Coin WorldThursday, May 1, 2025 4:33 am ET
2min read

Cryptocurrency adoption faces significant hurdles due to fragmentation and complex user experiences, as highlighted in a recent industry report. The lack of interoperability across different blockchains necessitates users to manage multiple wallets, with the number of users employing at least two wallets increasing by 16% over the past year. According to a report by onchain user experience platform Reown and crypto intelligence firm Nansen, 62% of crypto users reported using at least two wallets over the past three months, up from 45% in 2024. This trend underscores the growing complexity and the need for more integrated solutions in the crypto space.

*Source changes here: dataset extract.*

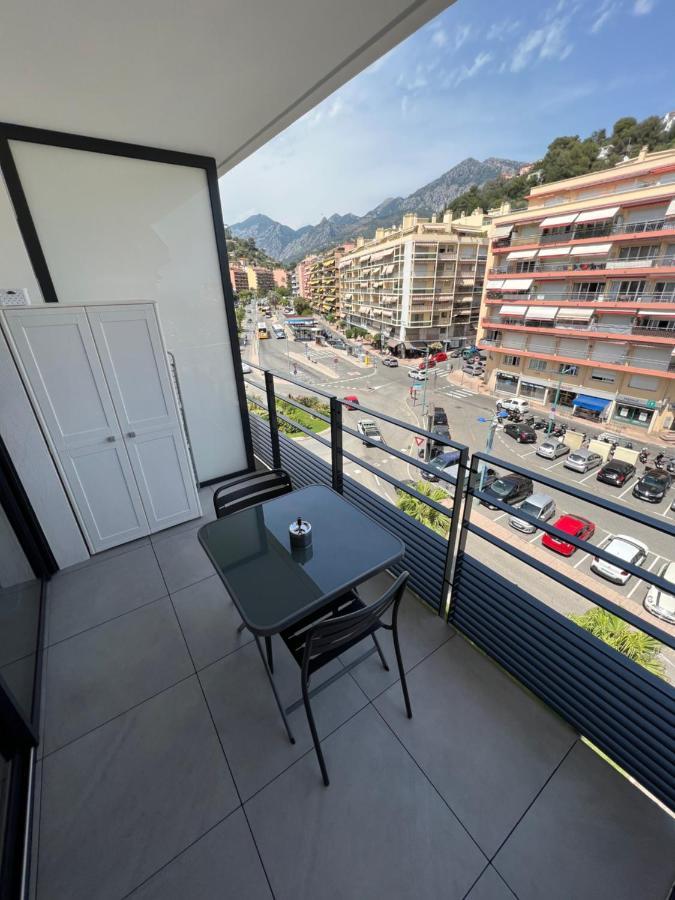 Appartement Tout Equipe Centre Ville Menton Bagian luar foto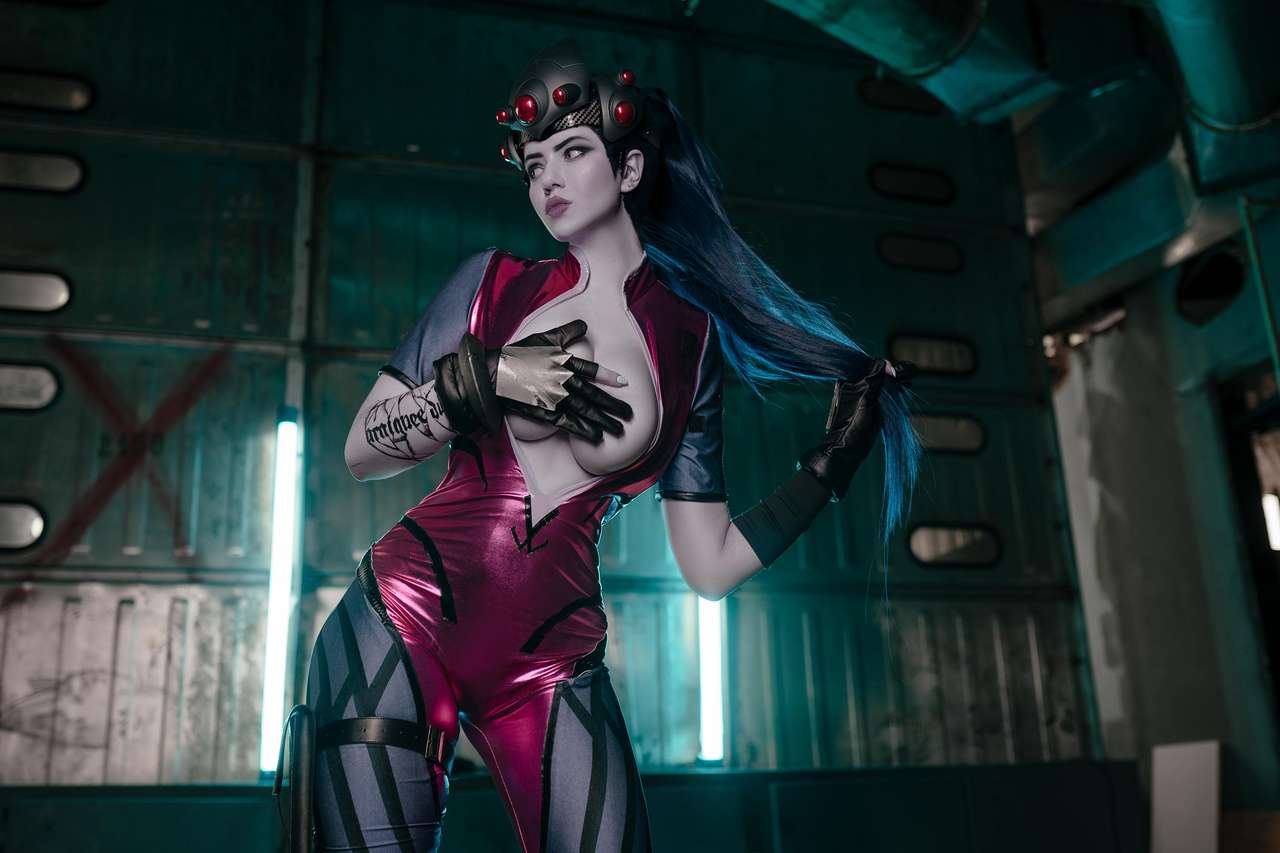 Косплей встречи Tracer и Widowmaker из Overwatch, от прелестных милашек Alina Becker и Adamae_dono.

Security and user experience remain top concerns for crypto users. More than 18% of respondents cited security as their primary worry, while 10.6% pointed to poor user experience as a major issue. These concerns highlight the need for more robust and user-friendly wallet solutions that can address both security and usability challenges.

AI integration is emerging as a potential breakthrough for crypto wallets. Eowyn Chen, the CEO at Trust Wallet, noted that wallets are evolving from simple asset storage tools to primary gateways for Web3 services, including digital identity, financial products, governance, and gaming. Chen emphasized that integrating AI agents could help users navigate Web3 as easily as they shop online, while also reducing risks from scams such as phishing attacks. These scams often involve tricking victims into sending assets to fake wallet addresses, making security a critical concern.

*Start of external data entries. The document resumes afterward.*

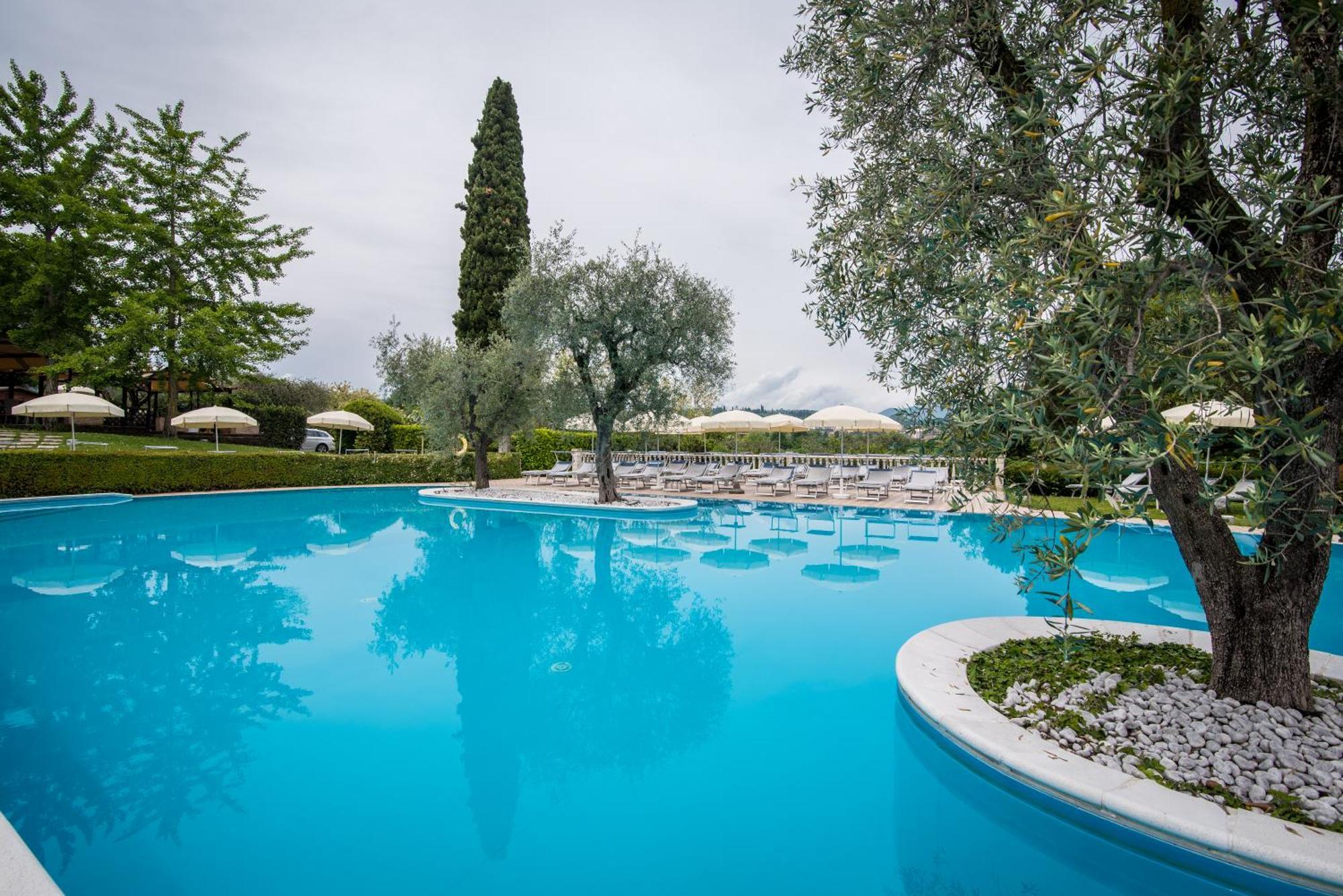Hotel Porta Del Sole Soiano Del Lago Esterno foto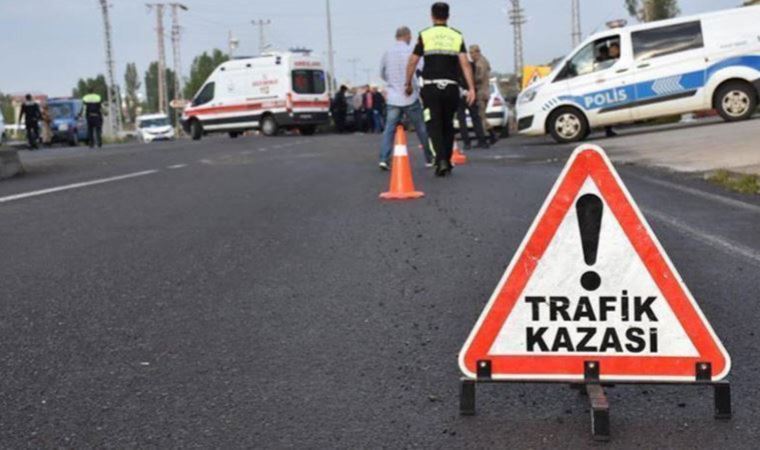 Kocaeli'de iki işçi servisinin çarpısması sonucu 5 kişi yaralandı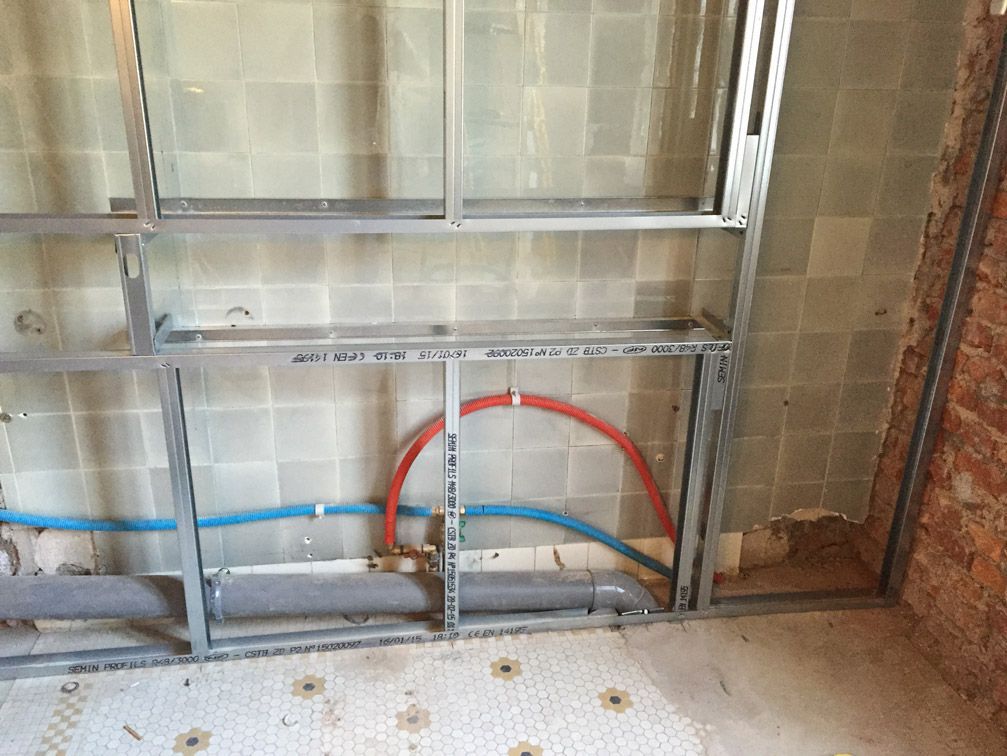 Une pièce avec une structure métallique et des tuyaux qui en sortent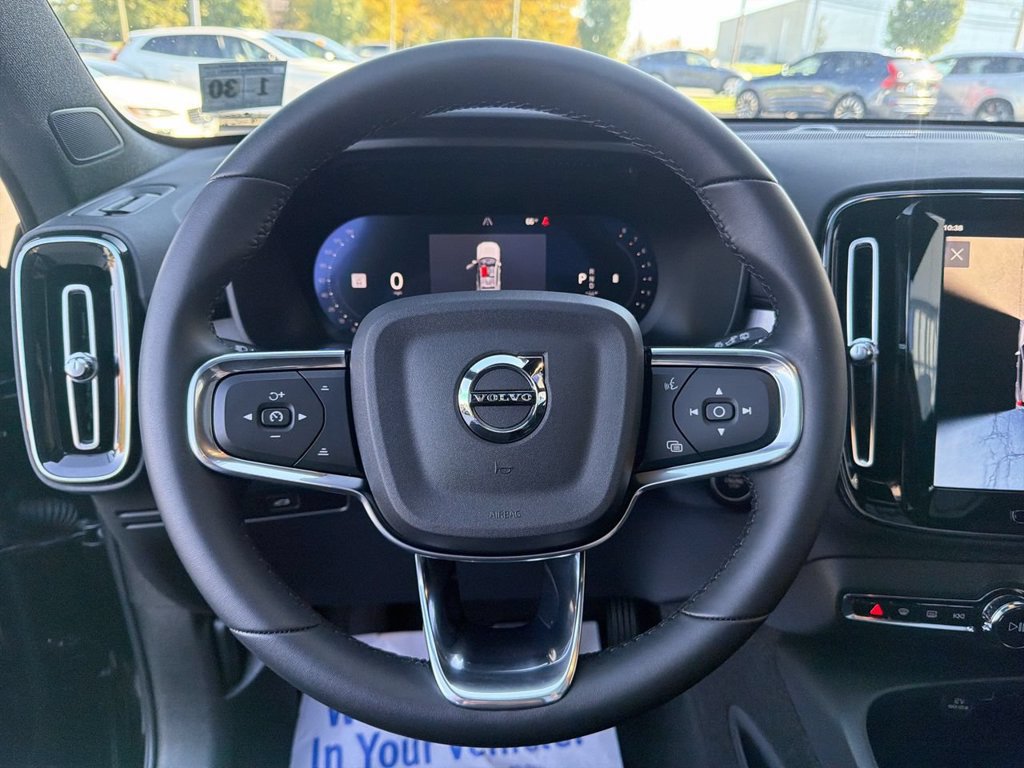 New 2026 Volvo XC40 B5 Ultra w/ Climate Package AWD/4WD image 18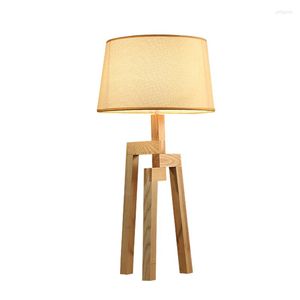 Table Lamps Min Sen Huang Simple Wooden Study Bedroom Three Legged Lamp Bar Leisure Hall Decorative Lighting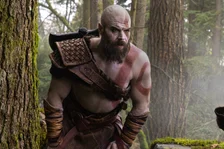 Byla zveřejněna první fotka ze seriálu God of War, je na ní Kratos a Atreus při lovu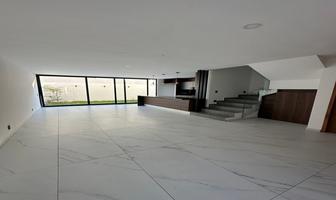 Foto de inmueble en Cto Valle San Isidro, Col. Villas de Zapopan C.P. 45130, Zapopan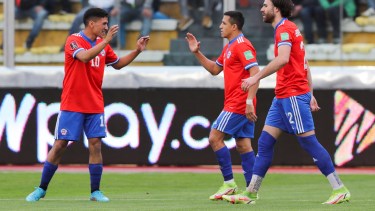 Alexis festeja con Núñez el segundo gol de su equipo. Chile dio el golpe en Bolivia.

Ask Aime: "Are cryptocurrency wallets getting smarter with AI integration?"

The importance of robust wallets was underscored by a recent incident where an unknown attacker stole $330 million worth of Bitcoin in a social engineering scam from an elderly US citizen. This event highlights the vulnerabilities in current wallet systems and the urgent need for more secure solutions.

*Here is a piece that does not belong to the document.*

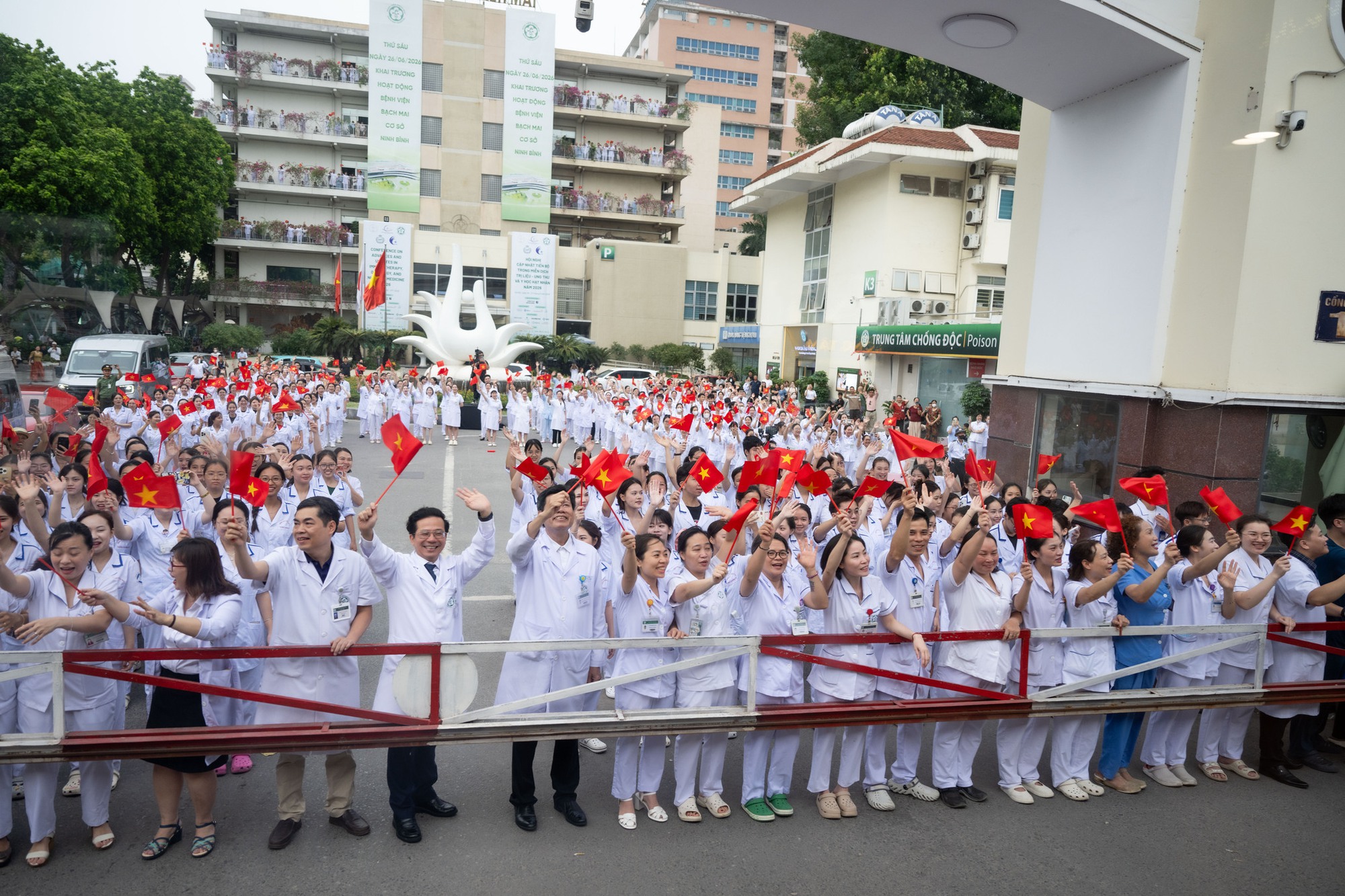 Điều đặc biệt diễn ra sáng nay: Chuyến tàu đầu tiên đưa bác sĩ từ Hà Nội đến Bệnh viện Bạch Mai cơ sở 2 làm việc - Ảnh 15.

Mobile wallets continue to dominate the market, with 51% of users preferring them, down slightly from 54.8% in 2024. Hardware wallets are gaining traction, with 10% of respondents preferring them, up from 7% a year ago. However, only 3% of new investors reported using a hardware wallet, indicating that hardware wallets are still primarily used by more advanced crypto users. Social wallets, which are connected to a user’s email or other social account and require no seed phrase, have transformed onboarding and are at the forefront of user experience innovation. These wallets prioritize simple, easy design, ensuring that users do not need to understand complex concepts like gas tokens or chain switching just to transact.

Despite the advancements, users remain hesitant about adopting social wallets, with 39% of surveyed respondents stating that improved security and trust would help them adopt these wallets. This hesitation underscores the need for continued innovation and improvement in wallet security and user experience to drive broader adoption of cryptocurrency.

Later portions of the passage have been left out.